RECORDS SUPPLIED:
┄┄┄┄┄┄┄┄┄┄

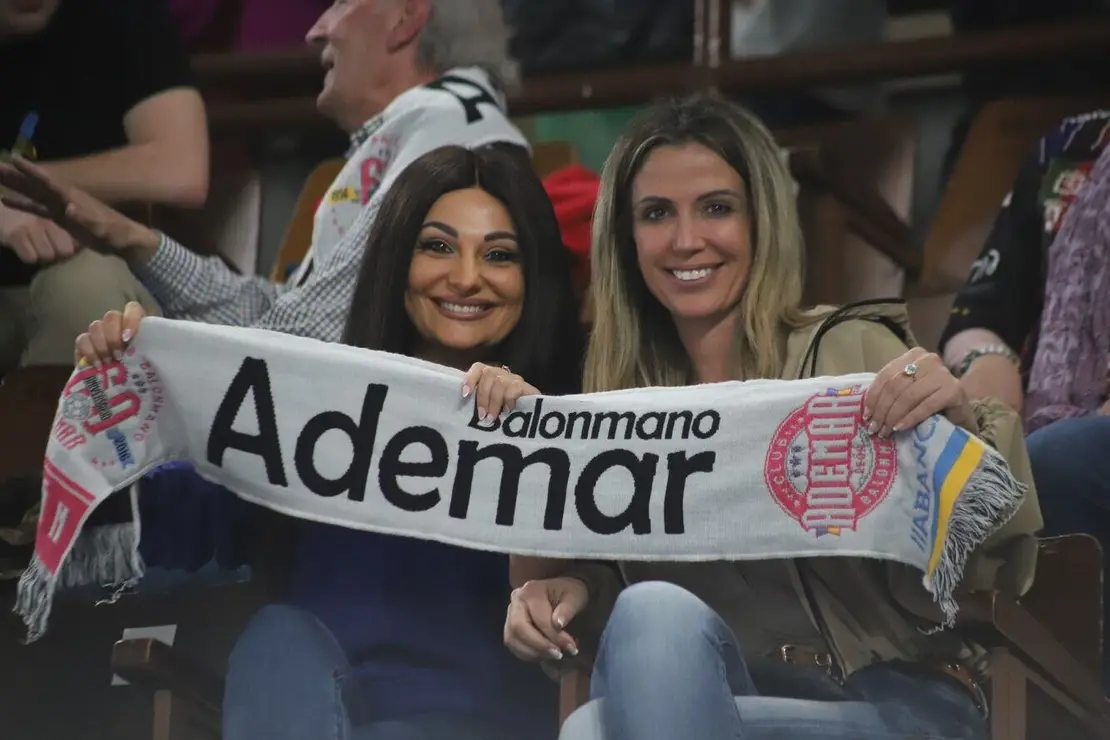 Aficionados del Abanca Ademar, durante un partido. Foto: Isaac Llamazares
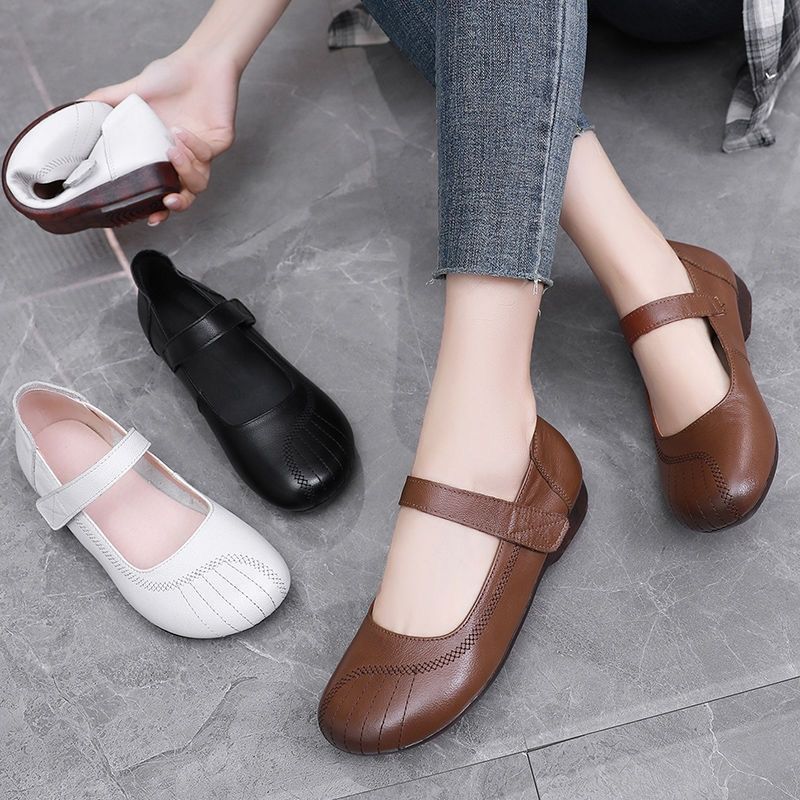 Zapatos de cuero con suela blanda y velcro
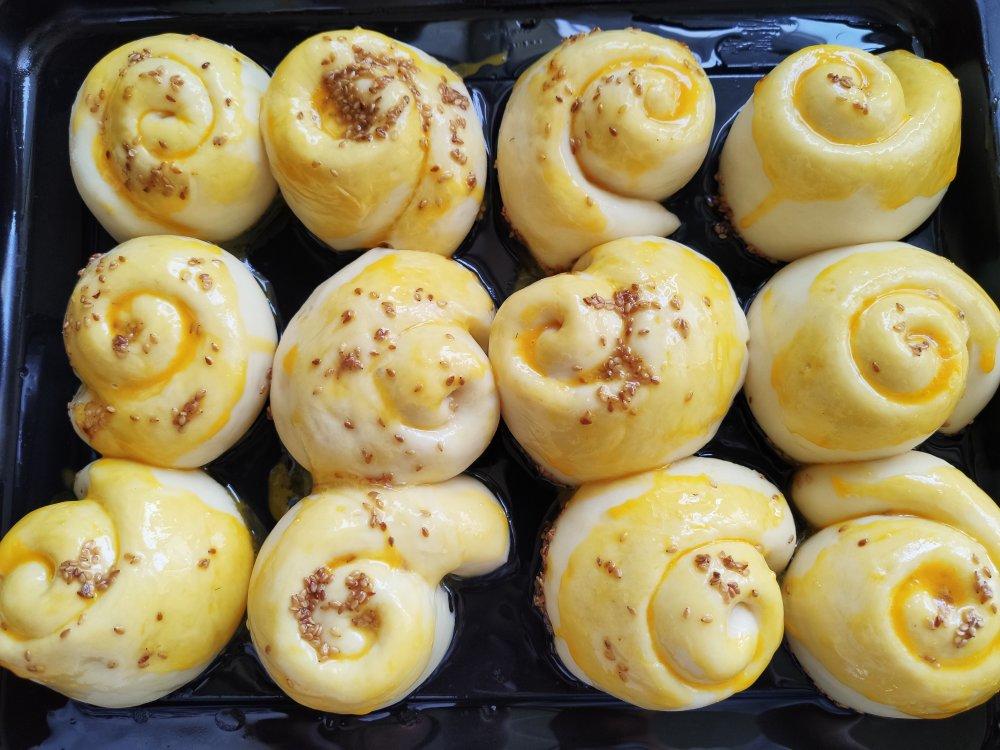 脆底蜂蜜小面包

┄┄┄┄┄┄┄┄┄┄

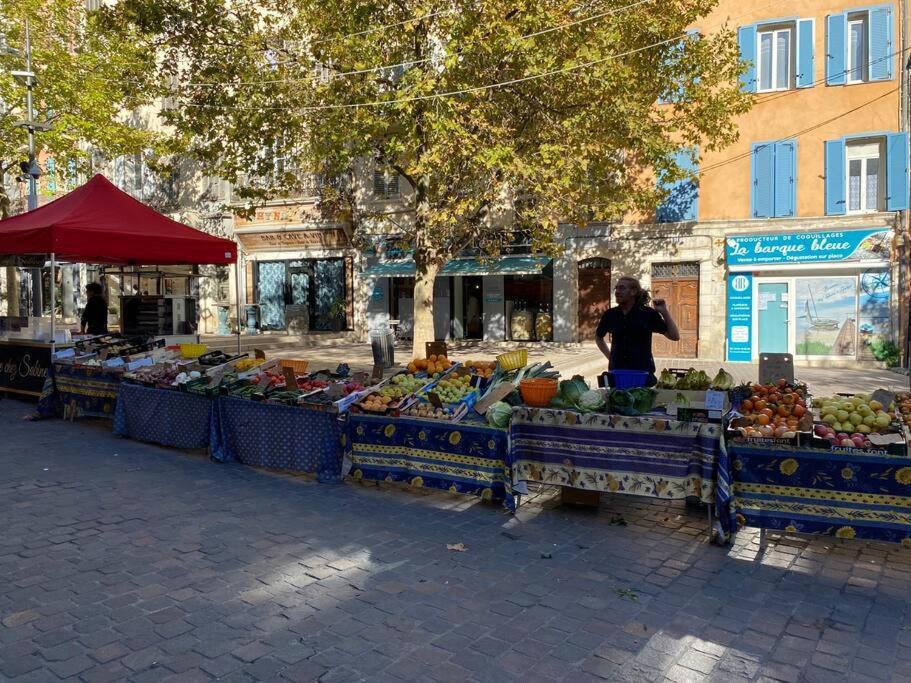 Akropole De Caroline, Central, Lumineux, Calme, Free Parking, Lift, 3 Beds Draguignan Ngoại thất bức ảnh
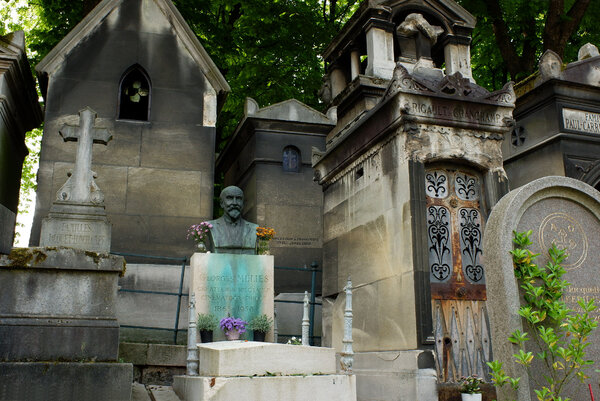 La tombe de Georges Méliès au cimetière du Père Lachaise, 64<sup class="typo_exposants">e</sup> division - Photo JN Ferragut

┄┄┄┄┄┄┄┄┄┄

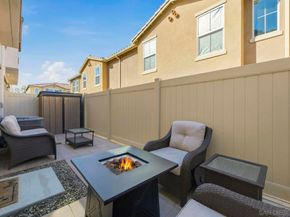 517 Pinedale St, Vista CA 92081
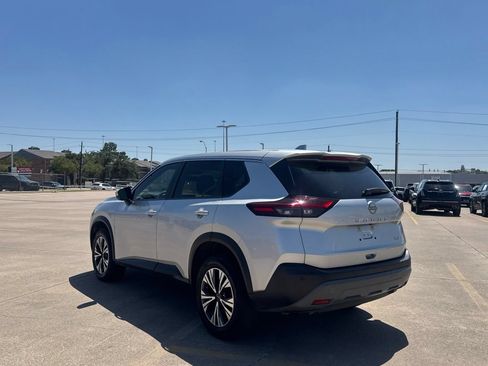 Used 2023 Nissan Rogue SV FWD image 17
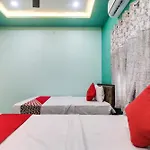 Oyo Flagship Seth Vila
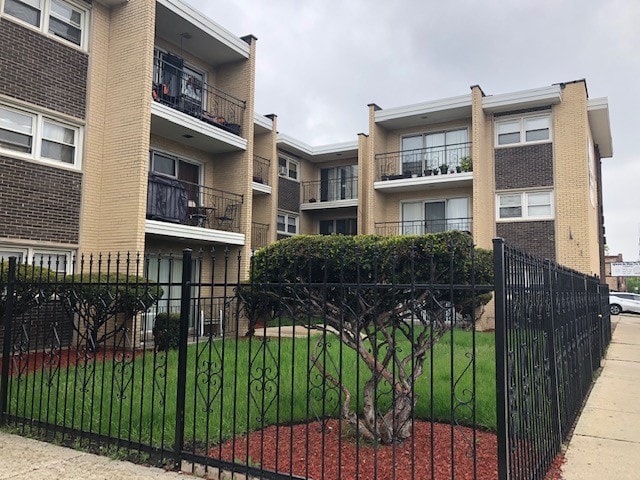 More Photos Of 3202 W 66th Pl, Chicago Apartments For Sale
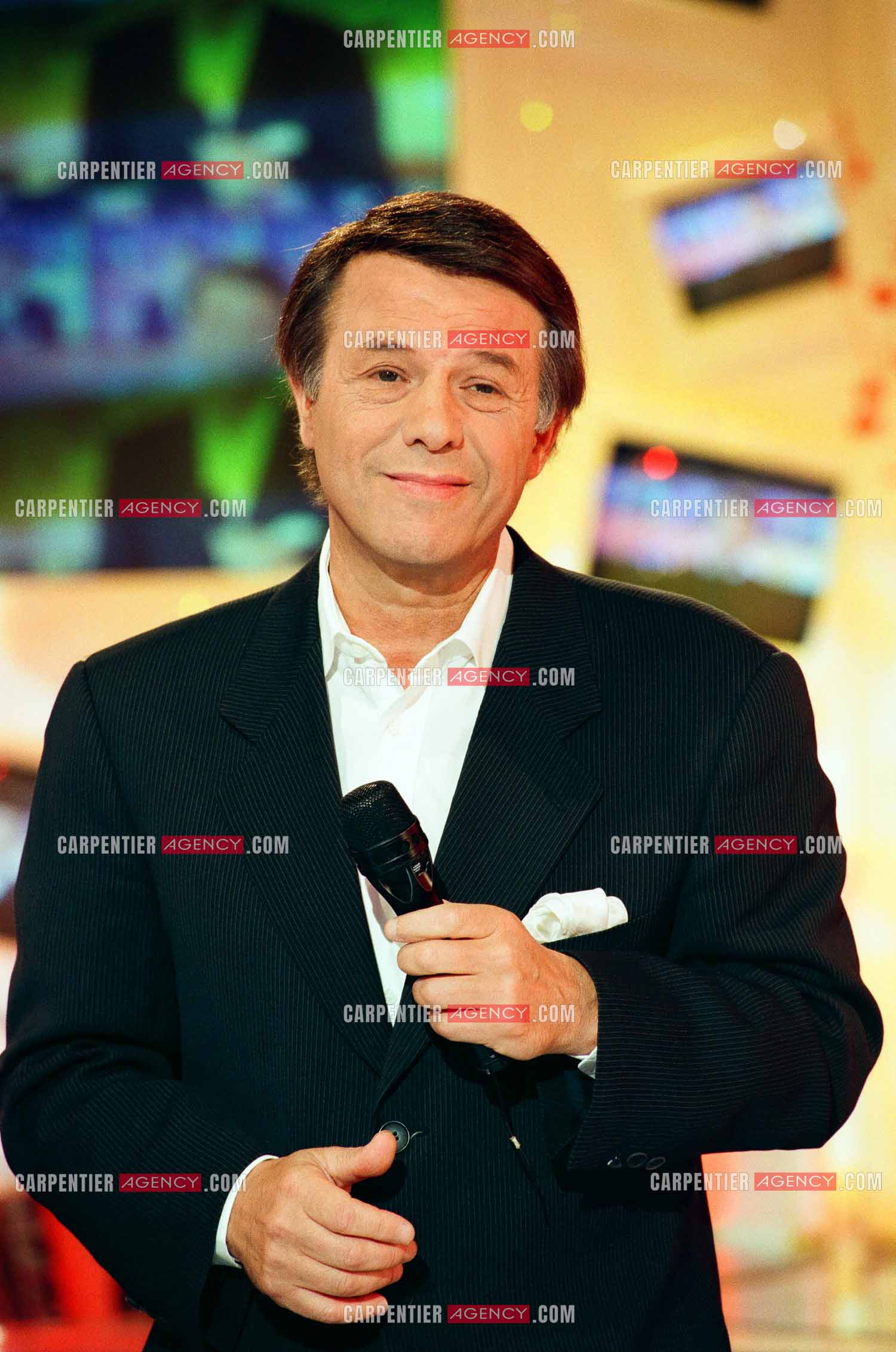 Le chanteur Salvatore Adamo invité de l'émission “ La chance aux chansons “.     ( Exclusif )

┄┄┄┄┄┄┄┄┄┄

ACTIVITY: Your reply should consist solely of the lines above from the line containing "Used 2023 Nissan Rogue SV FWD image 17" up to and including the line containing "Le chanteur Salvatore", reproduced exactly, minus the pictures.

SOLUTION TO THE PROBLEM:
 Used 2023 Nissan Rogue SV FWD image 17
 Oyo Flagship Seth Vila
 More Photos Of 3202 W 66th Pl, Chicago Apartments For Sale
 Le chanteur Salvatore Adamo invité de l'émission “ La chance aux chansons “.     ( Exclusif )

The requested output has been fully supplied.